▶ **What is required**:
No line before the one holding "HOFTRONIC 4er Set" is to be copied; that line and all after it, through the end of the listing, are returned exactly, minus pictures.

+ + + + +

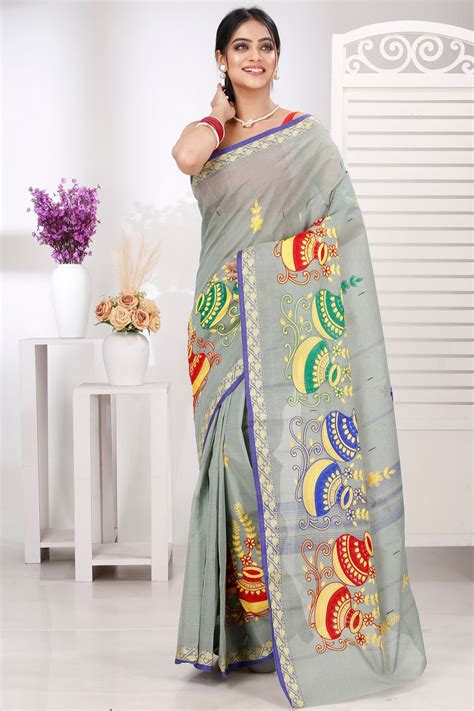 Light Grey Pure Cotton Embi Gaela Ghot Tant Embroidery (1506 )
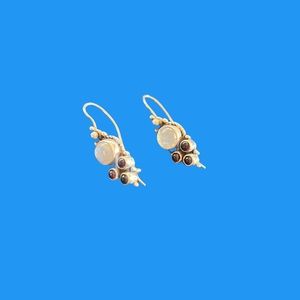 Sterling silver earrings- moonstone and garnet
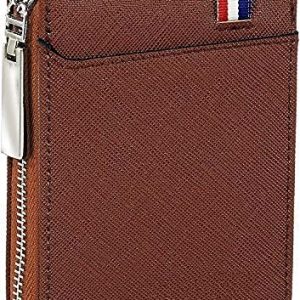 PRIME DEALS Imported 9 Slot Vertical Leather Credit/Debit Zipper Card Holder Money Wallet Zipper Coin Purse for Men & Women. (Brown)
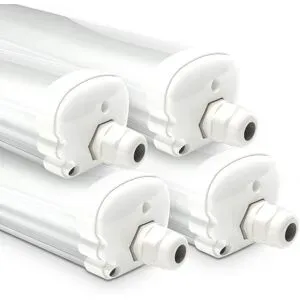 HOFTRONIC 4er Set LED Feuchtraumleuchte 120cm - IP65 Wasserdicht - 36W 4320 Lumen (120lm/W) - 4000K neutralweiß - Verknüpfbar - IK07 - S-Series Tri-Proof-Deckenleuchten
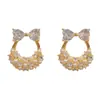 Pendientes Geométricos con Lazo de Circonita, Moda Exquisita de Lujo Ligero Estilo Francés, Elegantes y Versátiles con un Toque de Alta Gama, Pendientes Súper Brillantes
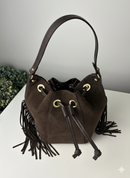 Borsa a Secchiello “Boho Chic” in pelle scamosciata con frange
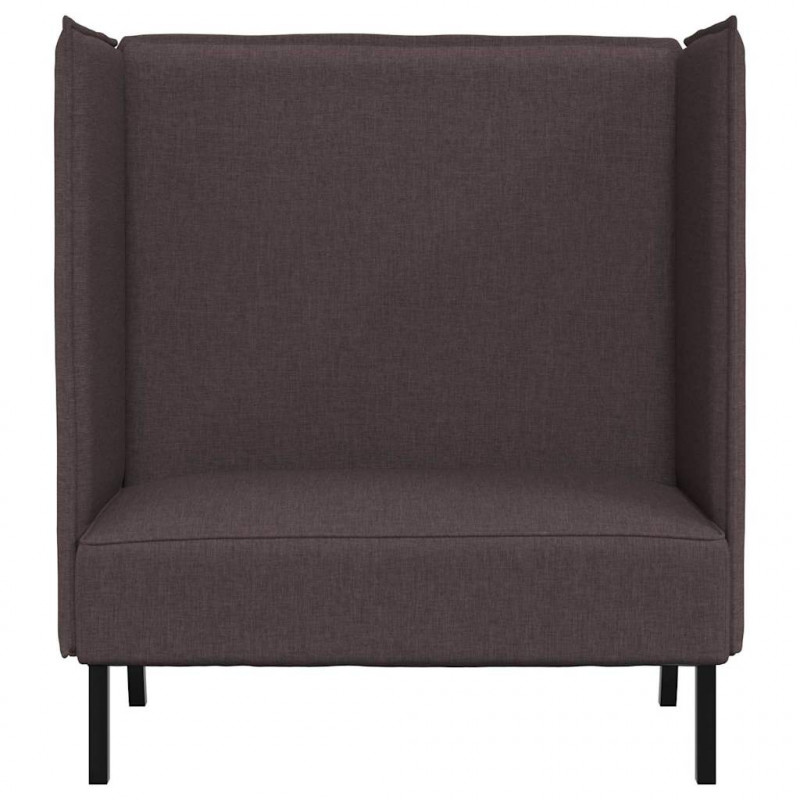 Sofa z wysokim oparciem 101cm ciemnobrązowy tkanina
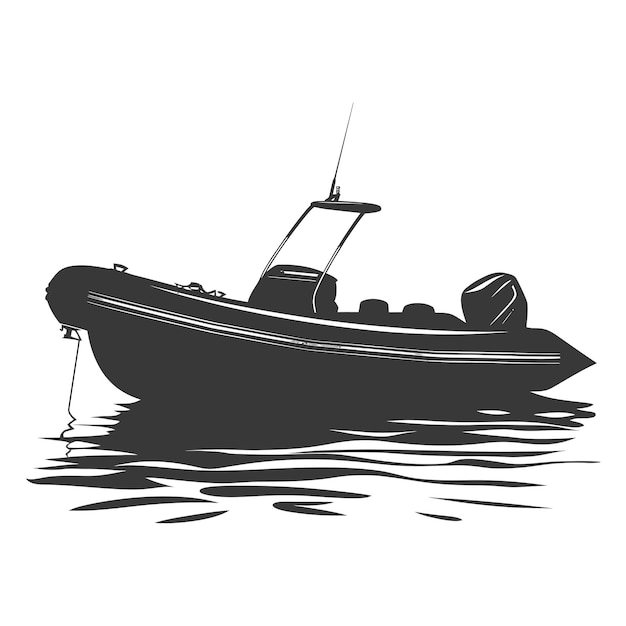 Silhouette a inflatable boat black color only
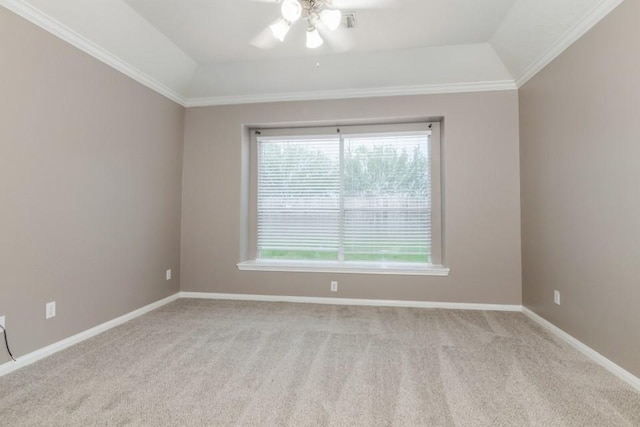 2705 Salt Grass Cir, Deer Park, TX 77536 - empty room with a ceiling fan, carpet flooring, baseboards, crown molding, and a tray ceiling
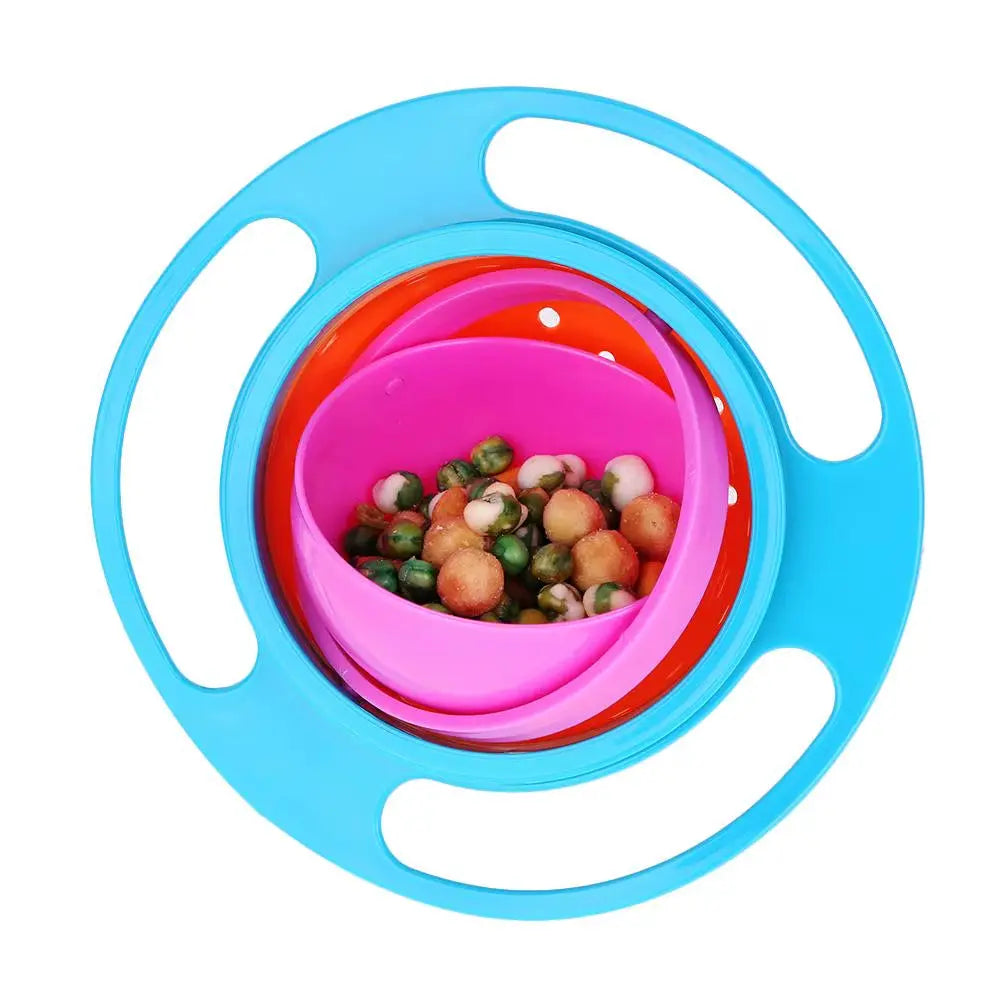 Baby Bowl Universal Gyro Bowl Practical Design Children 360 Degrees Rotate Balance Gyro Umbrella Bowl Spill-Proof Bowl Tableware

+ + + + +

▶ **Solution to this exercise**:
 HOFTRONIC 4er Set LED Feuchtraumleuchte 120cm - IP65 Wasserdicht - 36W 4320 Lumen (120lm/W) - 4000K neutralweiß - Verknüpfbar - IK07 - S-Series Tri-Proof-Deckenleuchten
 Pendientes Geométricos con Lazo de Circonita, Moda Exquisita de Lujo Ligero Estilo Francés, Elegantes y Versátiles con un Toque de Alta Gama, Pendientes Súper Brillantes
 Borsa a Secchiello “Boho Chic” in pelle scamosciata con frange
 Sofa z wysokim oparciem 101cm ciemnobrązowy tkanina
 Silhouette a inflatable boat black color only
 2705 Salt Grass Cir, Deer Park, TX 77536 - empty room with a ceiling fan, carpet flooring, baseboards, crown molding, and a tray ceiling
 Baby Bowl Universal Gyro Bowl Practical Design Children 360 Degrees Rotate Balance Gyro Umbrella Bowl Spill-Proof Bowl Tableware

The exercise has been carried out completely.